◆ **Problem description**
Transcribe the listing below exactly, without pictures.

◆ **Data records**
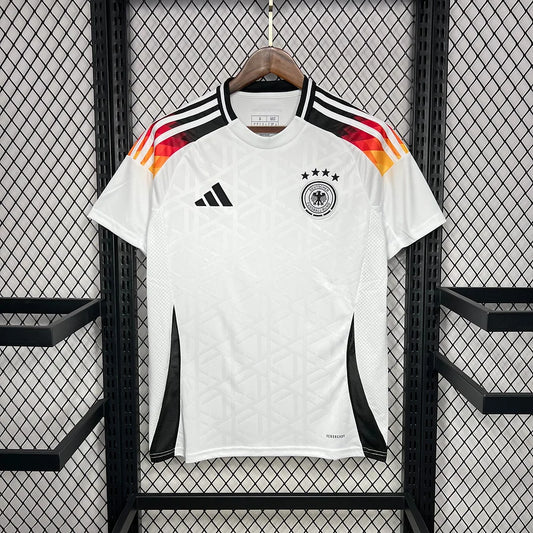 Deutschland Heim 2024-2025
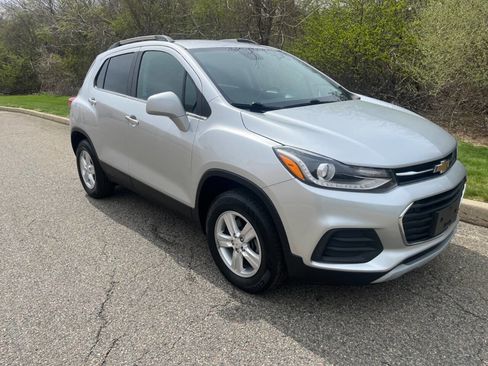 Used 2018 Chevrolet Trax LT w/ LT Convenience Package AWD/4WD image 5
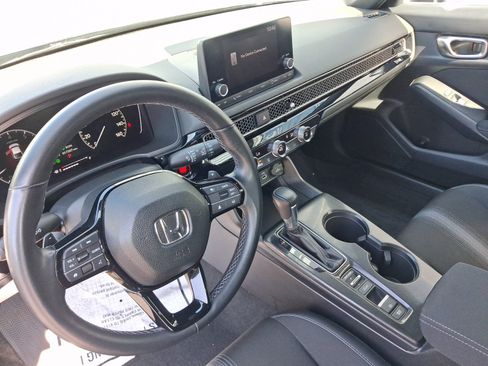 Used 2023 Honda Civic Sport image 4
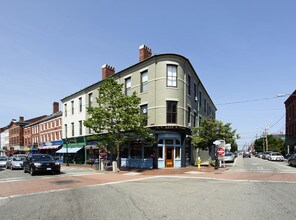 1-9 Market St in Portsmouth, NH - Foto de edificio - Building Photo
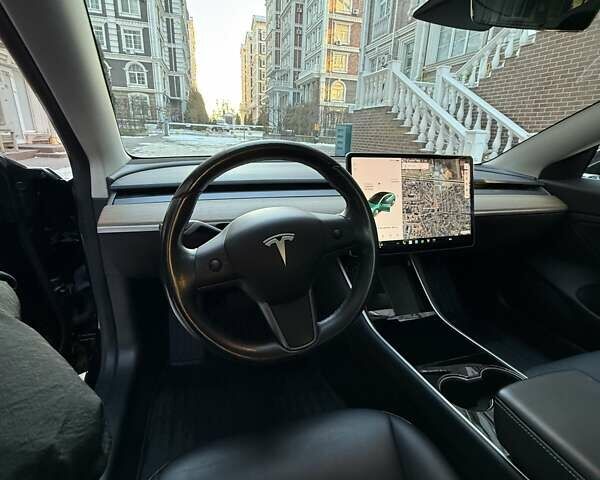 Чорний Тесла Модель 3, об'ємом двигуна 0 л та пробігом 64 тис. км за 19000 $, фото 11 на Automoto.ua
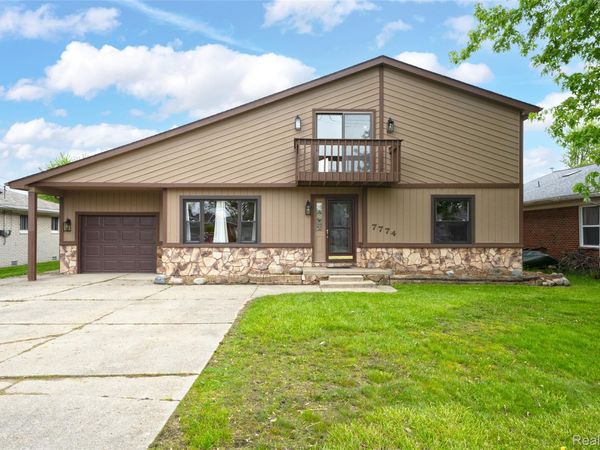 7774 Colony Drive, Clay Township, Mi 48001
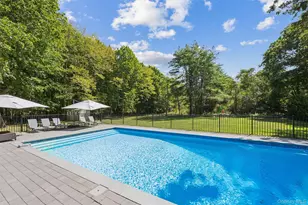 154 Kristine Estate (Montauk Hwy), East Moriches, NY 11940 - Photo 38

◆ **Answer below**
 Deutschland Heim 2024-2025
 Used 2018 Chevrolet Trax LT w/ LT Convenience Package AWD/4WD image 5
 Used 2023 Honda Civic Sport image 4
 1-9 Market St in Portsmouth, NH - Foto de edificio - Building Photo
 Чорний Тесла Модель 3, об'ємом двигуна 0 л та пробігом 64 тис. км за 19000 $, фото 11 на Automoto.ua
 7774 Colony Drive, Clay Township, Mi 48001
 154 Kristine Estate (Montauk Hwy), East Moriches, NY 11940 - Photo 38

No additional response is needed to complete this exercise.